To this day I am covered in bruise patterns, a myriad of colours like an angry sky, deep purples, black and blue, with a translucent sulpher yellow, they are in the front of my leg, the back of my leg, my left arse, reaching up over the front of my stomach where they almost meet the ones on my right stomach with the puncture wounds left by Murphy. The ground they cover is so vast, it’s clear now that I had so many spots that were hurt, I had lost track of them, but the bruises are there like a map to show where they were.

 

That was Tuesday. A few days later I heard that Alphie went to bed for a sleep and never woke up. Another bruise, this one on the inside.

 

On Monday July 4th I sat by Clare’s cousin Amanda’s pool in Philadelphia, they had a party that was set to climax with a fire works display by the local Chamber of Commerce come nightfall. It was absolutely pouring rain, and we sat huddled under umbrella’s drinking beer and eating bread and cheese.

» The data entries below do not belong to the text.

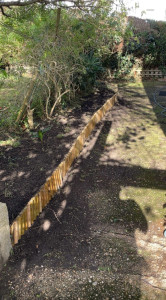 Photo de galerie - Paysagiste - Aménagement du jardin
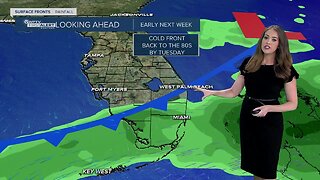 South Florida Friday afternoon forecast (4/17/20)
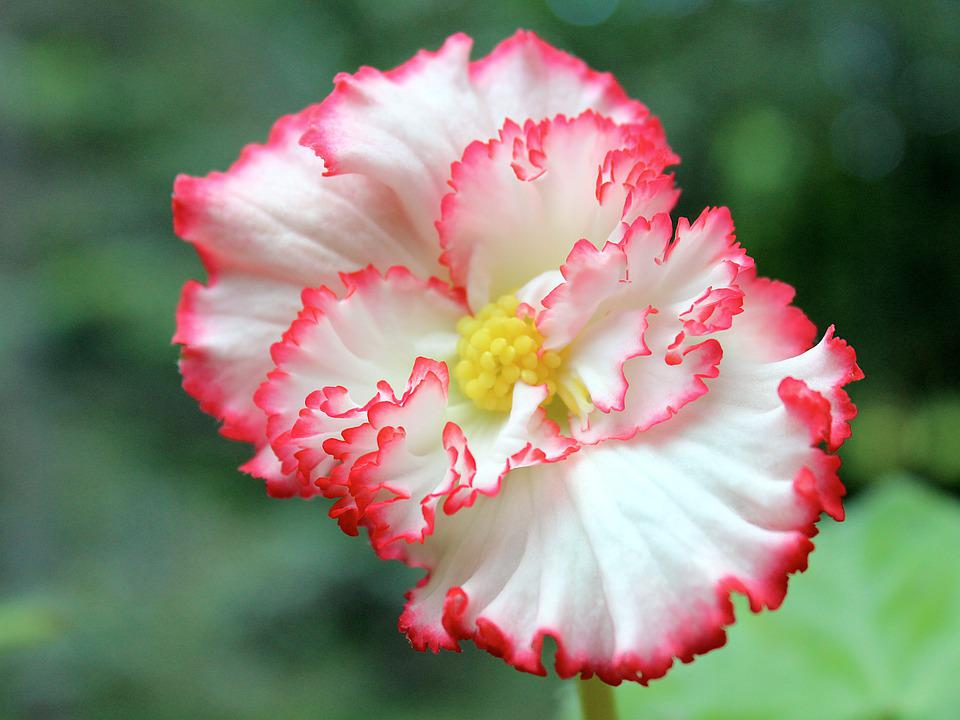 begonia tuberosa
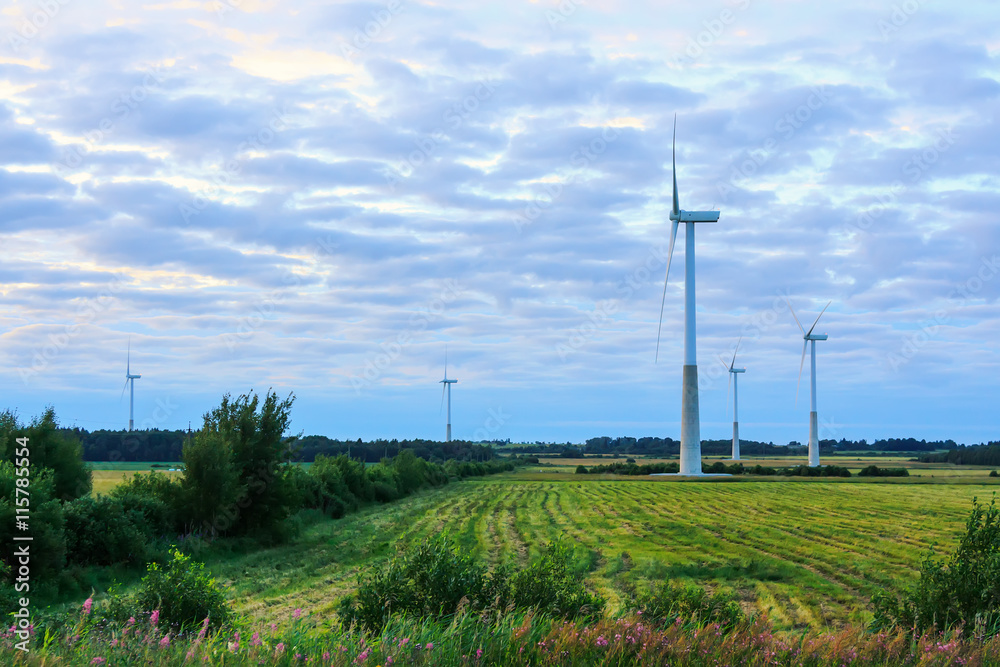 Windmill on rural field in the sunset. Wind turbines farm.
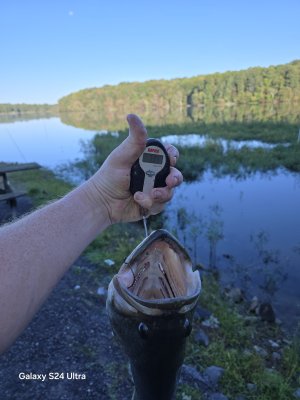 20240920_080143.jpg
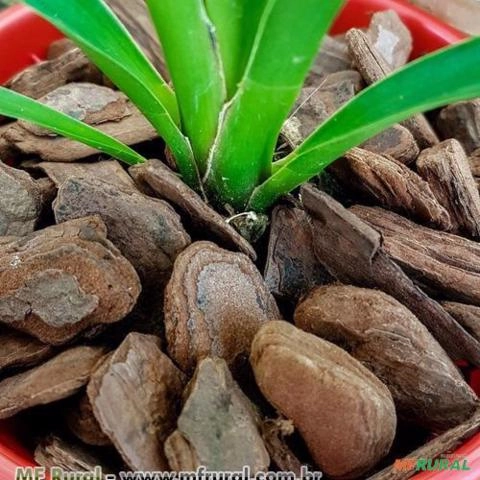 CASCA PINUS POLIDA MEDIA 1,0 KG UNICA Imagem CASCA PINUS POLIDA MEDIA 1,0 KG UNICA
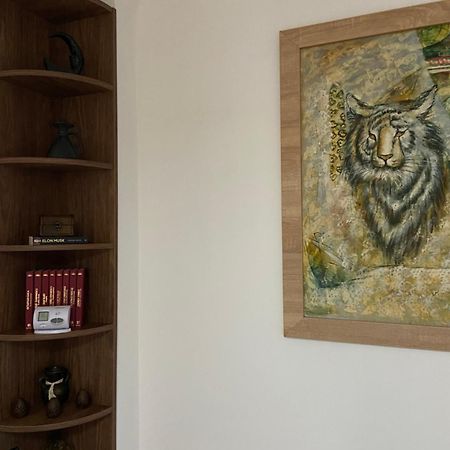 Willa Casa Mountain View Braszów Zewnętrze zdjęcie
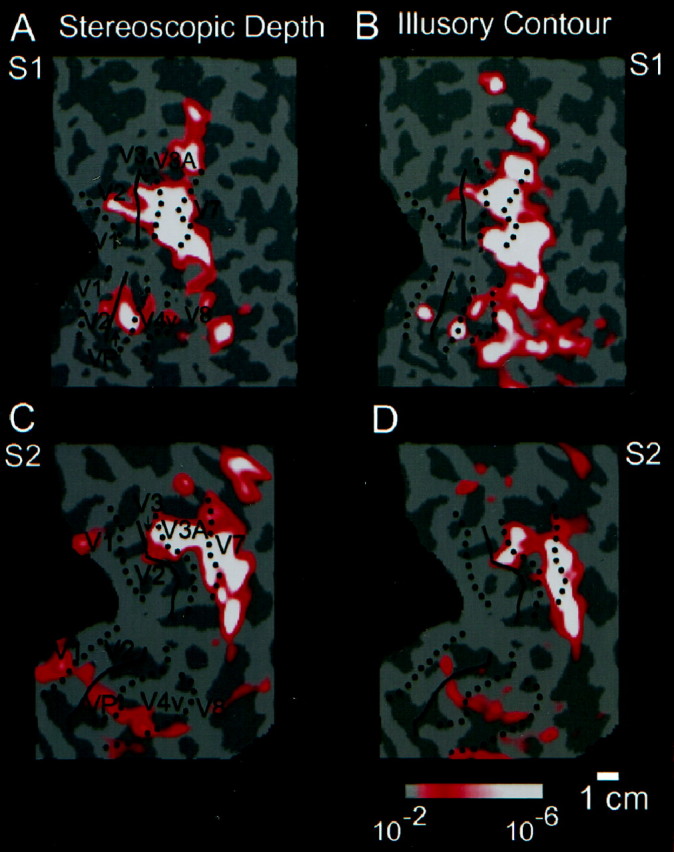 Fig. 5.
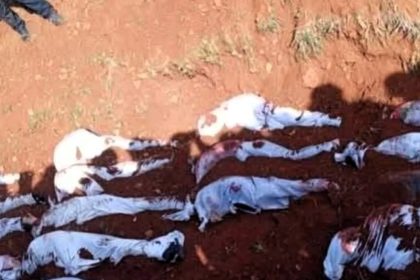 siria cova coletiva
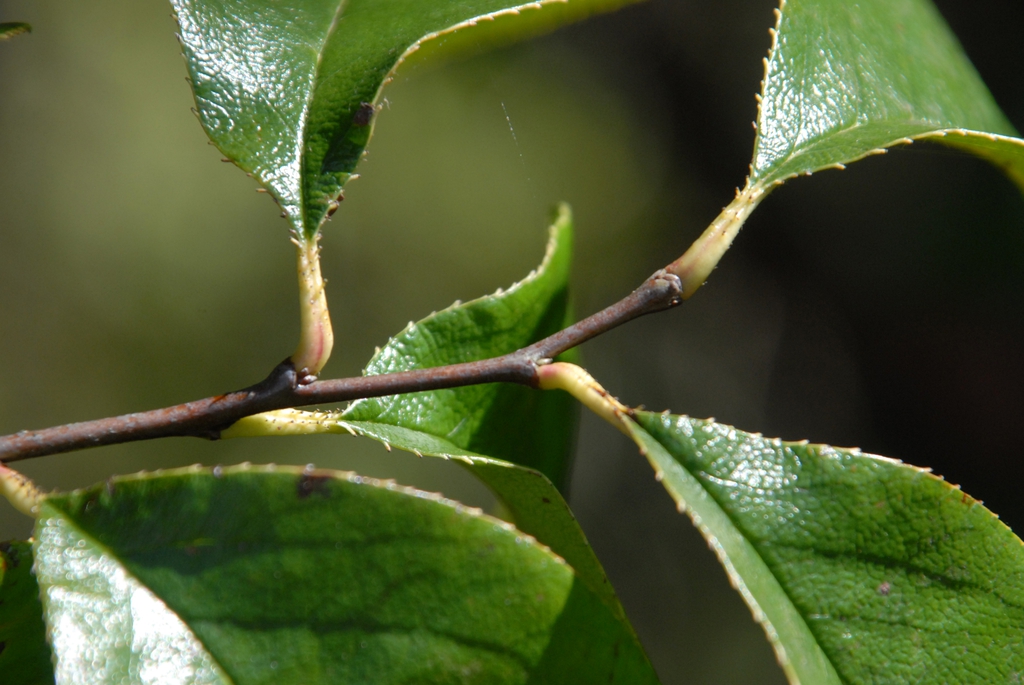 Pseudocydonia sinensis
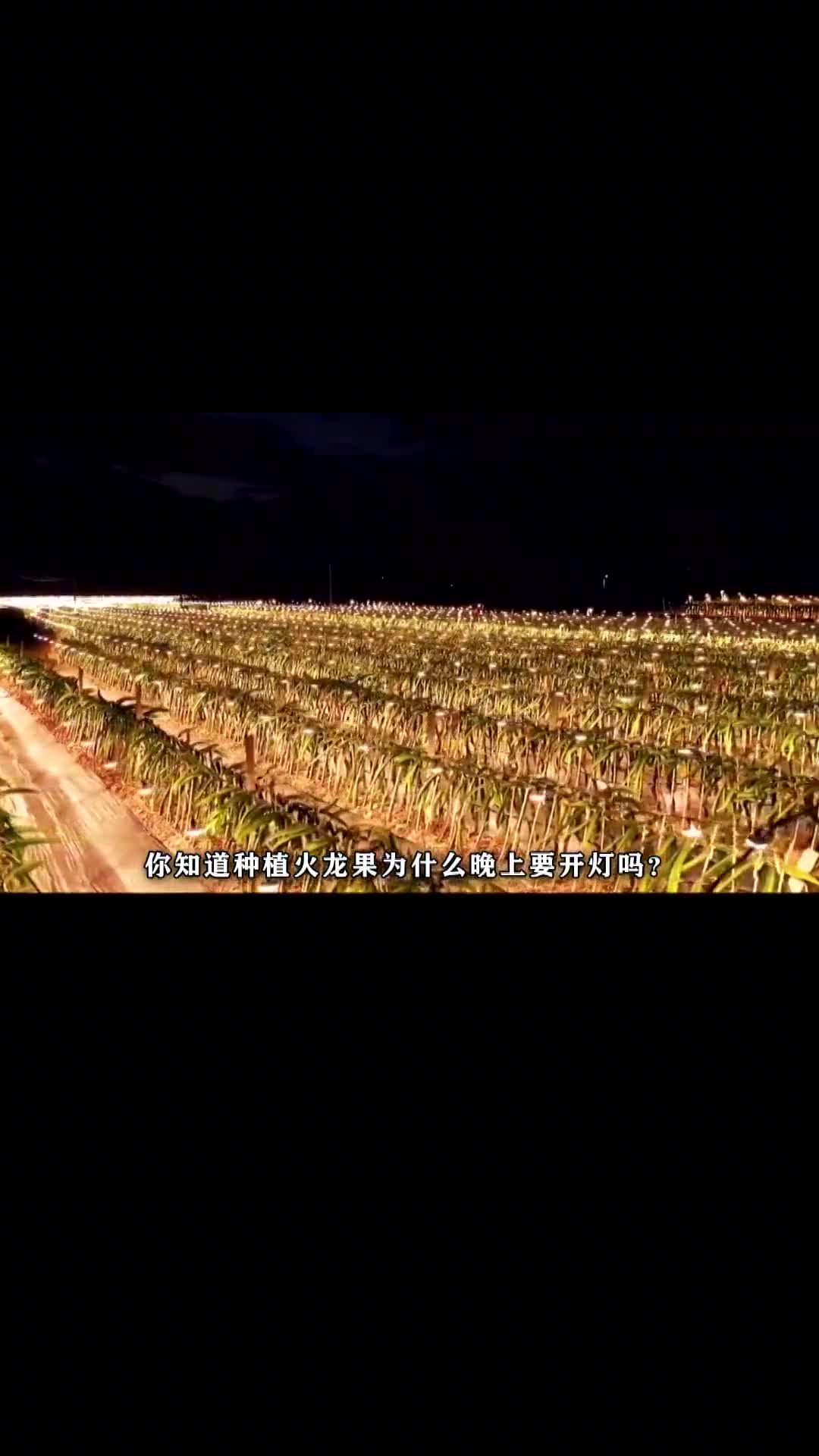 火龙果也会怕黑吗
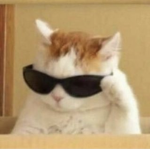 swaggy cat squad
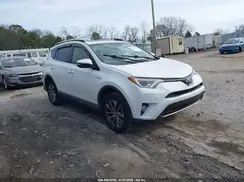 JTMRJREV8GD059118 2016 TOYOTA RAV 4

A woman whom I knew, but wasn’t sure how, lamented that she hadn’t been to an Irish music festival in ages, she heard that the Milwaukie Irish beer festival was great as usual and when was I playing again?

 

“July 21st I’m at Joe’s Pub in Manhattan”

 

“Oh I can’t possibly go to something on July 31st, I have a School………etc”

 

“No it’s not on the 31st, it’s on July 21st

 

“Oh that’s even worse, I can’t possibly go to a gig on the 21st….etc”

 

I jumped in the pool and watched the fireworks over the high trees, above the occasional lighted windows of a passing train, in the rain.